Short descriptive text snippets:
───

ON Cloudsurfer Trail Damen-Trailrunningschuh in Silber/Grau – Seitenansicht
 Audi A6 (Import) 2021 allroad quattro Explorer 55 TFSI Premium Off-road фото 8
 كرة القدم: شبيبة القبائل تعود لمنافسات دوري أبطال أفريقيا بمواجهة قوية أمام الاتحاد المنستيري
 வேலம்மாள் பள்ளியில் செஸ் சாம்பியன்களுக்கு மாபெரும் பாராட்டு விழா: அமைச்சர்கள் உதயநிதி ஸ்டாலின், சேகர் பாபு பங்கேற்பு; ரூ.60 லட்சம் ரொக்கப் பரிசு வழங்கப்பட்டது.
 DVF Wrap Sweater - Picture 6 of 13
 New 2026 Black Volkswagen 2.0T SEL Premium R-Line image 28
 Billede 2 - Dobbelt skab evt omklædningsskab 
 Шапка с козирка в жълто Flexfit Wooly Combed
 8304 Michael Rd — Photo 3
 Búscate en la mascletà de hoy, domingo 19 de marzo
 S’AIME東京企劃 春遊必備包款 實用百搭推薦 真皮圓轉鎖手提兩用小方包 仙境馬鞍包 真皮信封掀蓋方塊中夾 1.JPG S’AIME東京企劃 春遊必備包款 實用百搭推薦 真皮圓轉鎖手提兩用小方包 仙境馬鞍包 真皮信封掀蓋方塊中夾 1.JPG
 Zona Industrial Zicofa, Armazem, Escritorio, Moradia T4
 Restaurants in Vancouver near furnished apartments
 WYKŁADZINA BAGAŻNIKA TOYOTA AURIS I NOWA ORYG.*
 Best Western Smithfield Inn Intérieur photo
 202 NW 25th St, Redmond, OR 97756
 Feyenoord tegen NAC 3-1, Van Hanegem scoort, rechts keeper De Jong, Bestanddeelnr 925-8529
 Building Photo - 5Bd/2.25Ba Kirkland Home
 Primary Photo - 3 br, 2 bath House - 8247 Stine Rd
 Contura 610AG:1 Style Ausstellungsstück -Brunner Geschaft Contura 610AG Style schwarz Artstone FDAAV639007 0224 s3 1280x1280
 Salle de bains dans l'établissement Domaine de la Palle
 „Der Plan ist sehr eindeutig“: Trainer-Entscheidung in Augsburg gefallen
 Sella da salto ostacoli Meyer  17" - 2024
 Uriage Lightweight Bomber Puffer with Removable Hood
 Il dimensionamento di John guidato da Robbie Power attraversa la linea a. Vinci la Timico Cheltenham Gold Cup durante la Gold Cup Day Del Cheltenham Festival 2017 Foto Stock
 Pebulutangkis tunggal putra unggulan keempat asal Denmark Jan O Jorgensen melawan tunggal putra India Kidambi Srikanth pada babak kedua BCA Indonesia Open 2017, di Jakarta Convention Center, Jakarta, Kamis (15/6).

───

= Your instructions =
Please give back only the lines between the first line of the entries and the line with "كرة القدم: شبيبة", both ends included, word for word.

= Reply =
ON Cloudsurfer Trail Damen-Trailrunningschuh in Silber/Grau – Seitenansicht
 Audi A6 (Import) 2021 allroad quattro Explorer 55 TFSI Premium Off-road фото 8
 كرة القدم: شبيبة القبائل تعود لمنافسات دوري أبطال أفريقيا بمواجهة قوية أمام الاتحاد المنستيري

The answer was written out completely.